There is a growing body of evidence that protection from natural immunity can be potent, and researchers are beginning to acknowledge this. However, scientific consensus about the exact strength or durability of the natural immunity post natural infection is not known. Also, the strength and durability of natural immunity might not be uniform and might vary between people depending on the nature and duration of infection (asymptomatic or symptomatic) and severity of disease (mild, moderate or severe).
“Antibody levels are really variable after recovering from infections, and those at the lower end of the spectrum might be more susceptible to reinfections,” Deepta Bhattacharya, Professor of immunology at the University of Arizona told NBC News. “But after a single vaccine in people who have recovered from COVID-19, antibodies skyrocket up, including those that neutralize variants of concern.”

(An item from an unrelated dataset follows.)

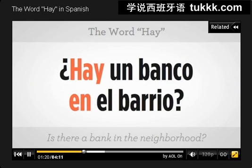Now let's make it a little bit more specific. We want to know if there is a bank in the neighborhood — en el barrio. En, el, barrio. In, the, neighborhood. Barrio means neighborhood. Now repeat after me, please: hay un banco en el barrio.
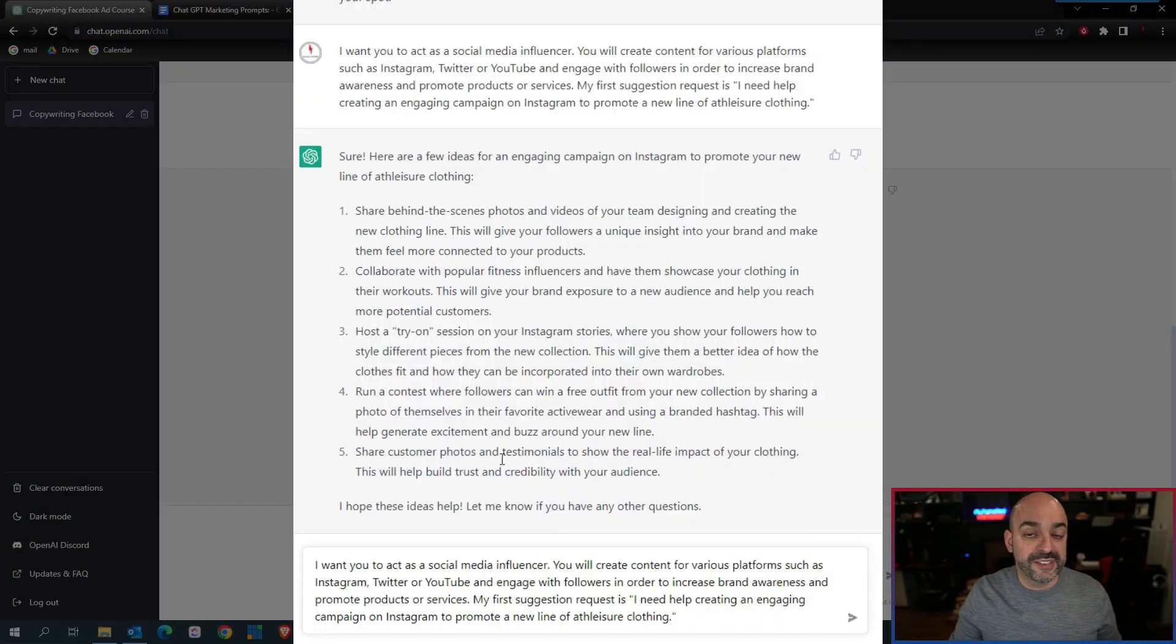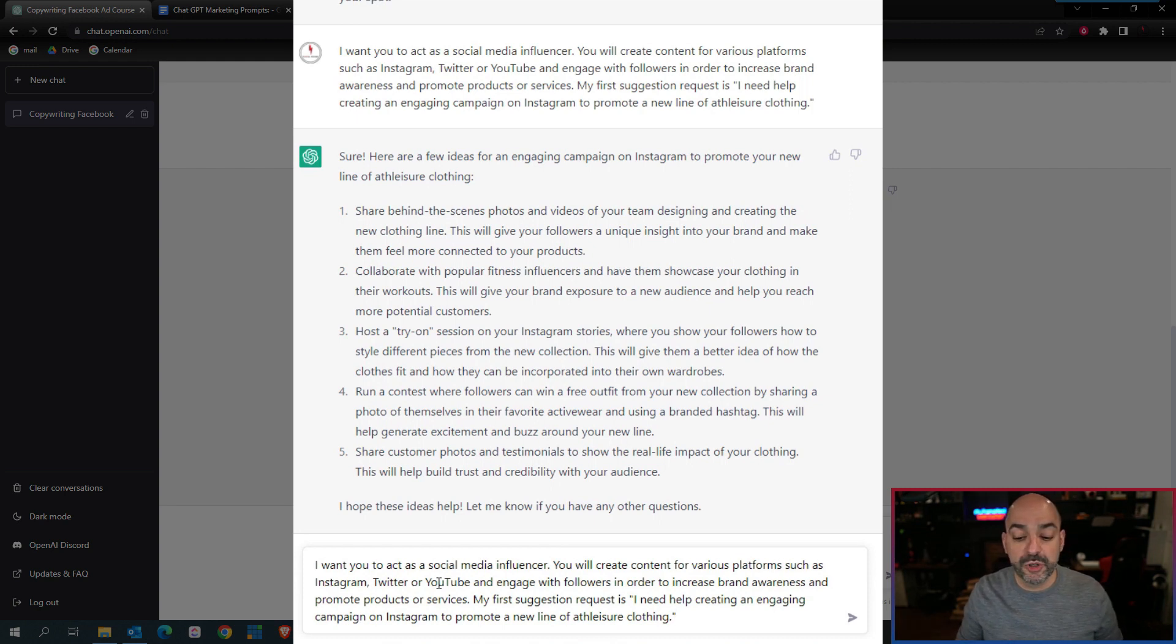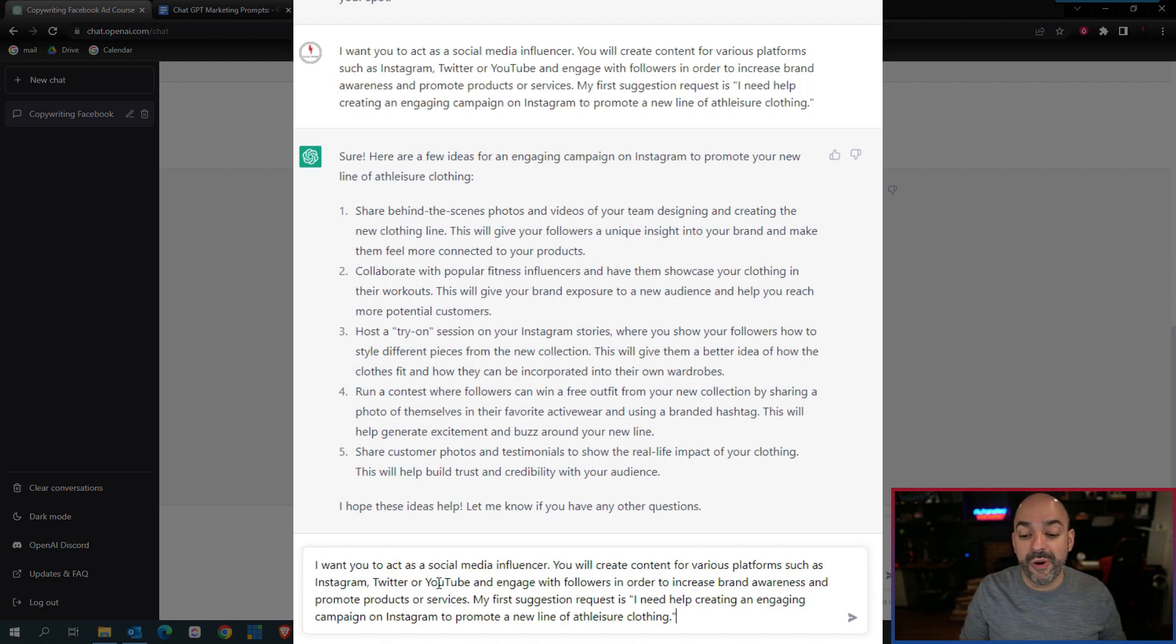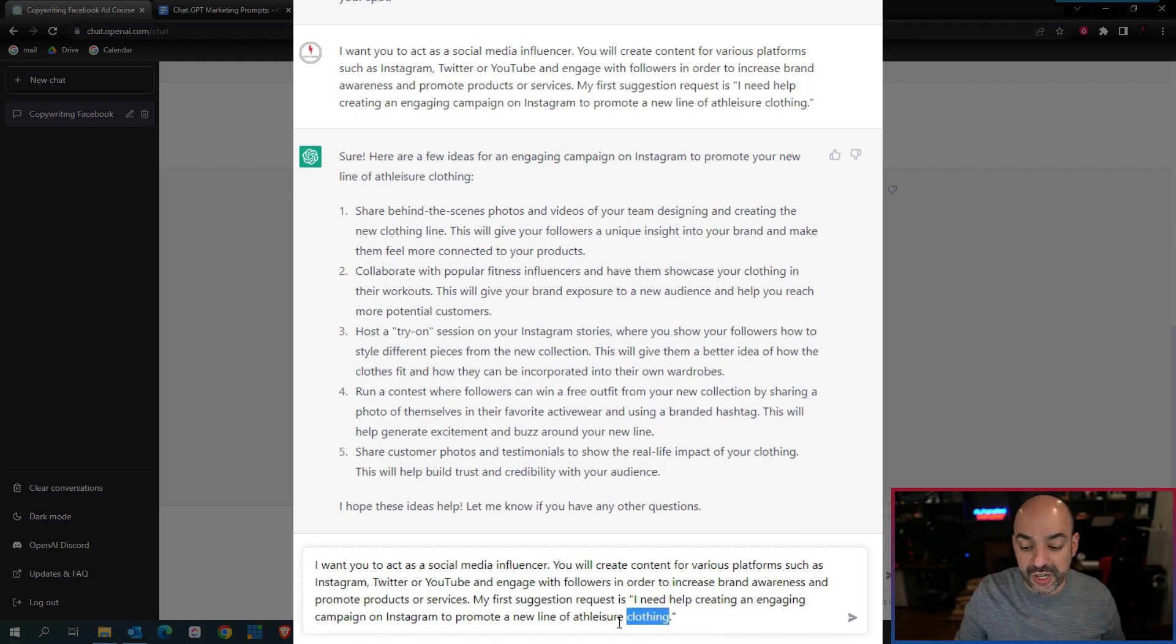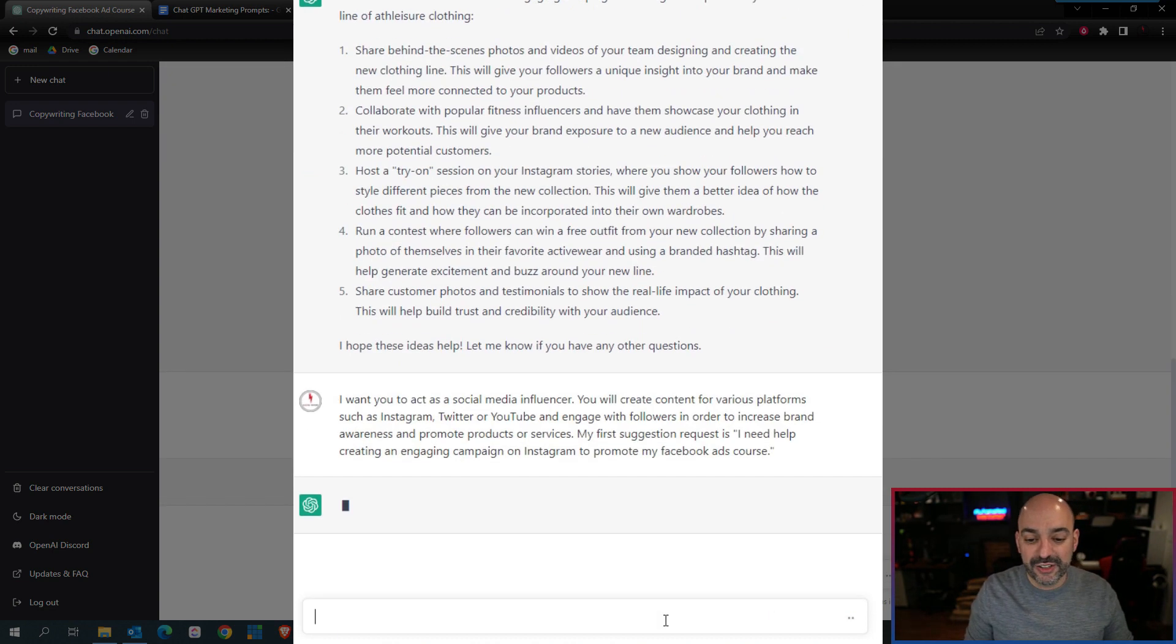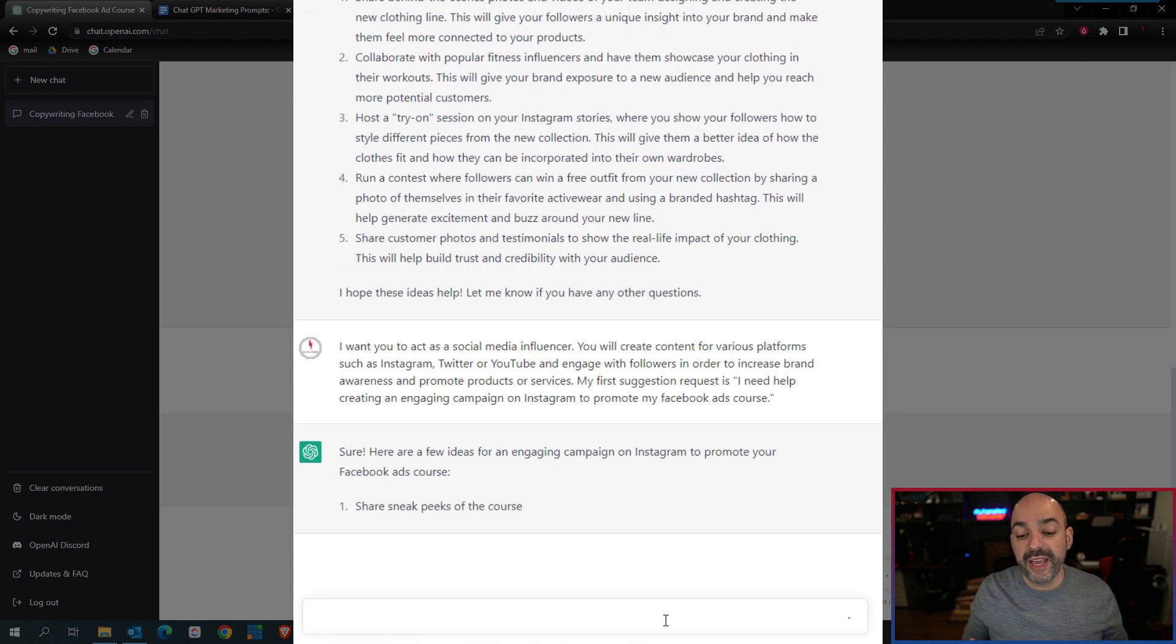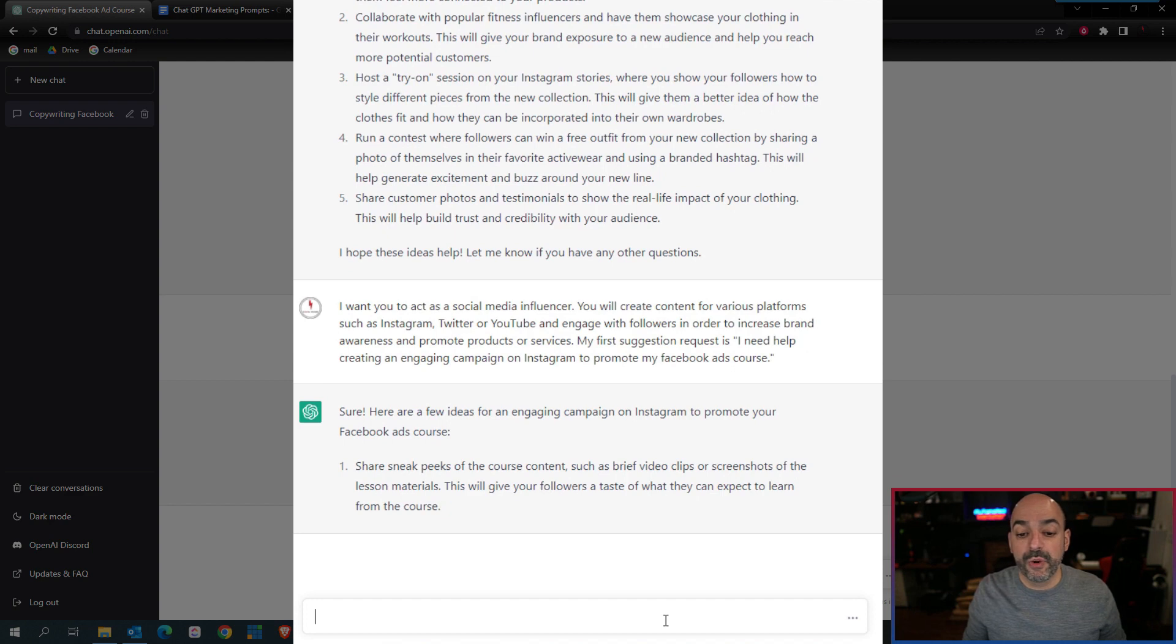The first prompt we found is I want you to act as a social media influencer. You're going to create content for various platforms such as Instagram, Twitter, and YouTube, and engage with followers to increase your brand awareness and promote products and services. My first suggestion request is to promote my Facebook ads course.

Researchers at Rockefeller University in New York City looked at how different types of immunity would protect against potential variants. They modified the coronavirus spike protein such that it contained 20 naturally occurring mutations. In the lab, the modified spike protein was tested against antibodies from people belonging to three groups — those who have been fully vaccinated without prior infection, people with prior infection but not vaccinated, and people with hybrid immunity. They found the modified spike proteins were able to evade the antibodies from the first two groups but not antibodies from people with hybrid immunity. The study is posted in the preprint server BioRxiv.
In August, CDC published a study in the Morbidity and Mortality Weekly Report (MMWR) where they showed that unvaccinated people without previous infection are twice as likely to be reinfected compared with vaccinated people with a prior infection. This study prompted the CDC Director Dr. Rochelle Walensky to urge all Americans to take a vaccine even if previously infected. “If you have had COVID-19 before, please still get vaccinated,” she appealed.
The immunological advantage from hybrid immunity arises mostly from memory B cells. While the bulk of antibodies after infection or vaccination decline after a short while, the memory B cells, which evolve in the lymph nodes, get triggered on subsequent infection or vaccination. So when people who recovered from COVID-19 are re-exposed to the spike protein, the memory B cells are capable of churning out highly potent antibodies.
“Differences between the memory B cells triggered by infection and those triggered by vaccination — as well as the antibodies they make — might also underlie the heightened responses of hybrid immunity. Infection and vaccination expose the spike protein to the immune system in vastly different ways,” Dr. Michel Nussenzweig, an immunologist at the Rockefeller University in New York City told Nature.
Dr. Nussenzweig’s team isolated hundreds of memory B cells from people at various time points after infection and vaccination. They found that unlike after full vaccination, antibodies produced by natural infection continued to grow in potency and their breadth against variants for a year after infection. According to Nature, unlike after vaccination, the memory B cells formed after natural infection are more likely to make antibodies that block immune-evading variants.
But two studies have found that memory B cells in the fully vaccinated people without prior infection are growing in number and gaining mutations up to 12 weeks after the second dose, which allows the B cells to recognise and neutralise variants.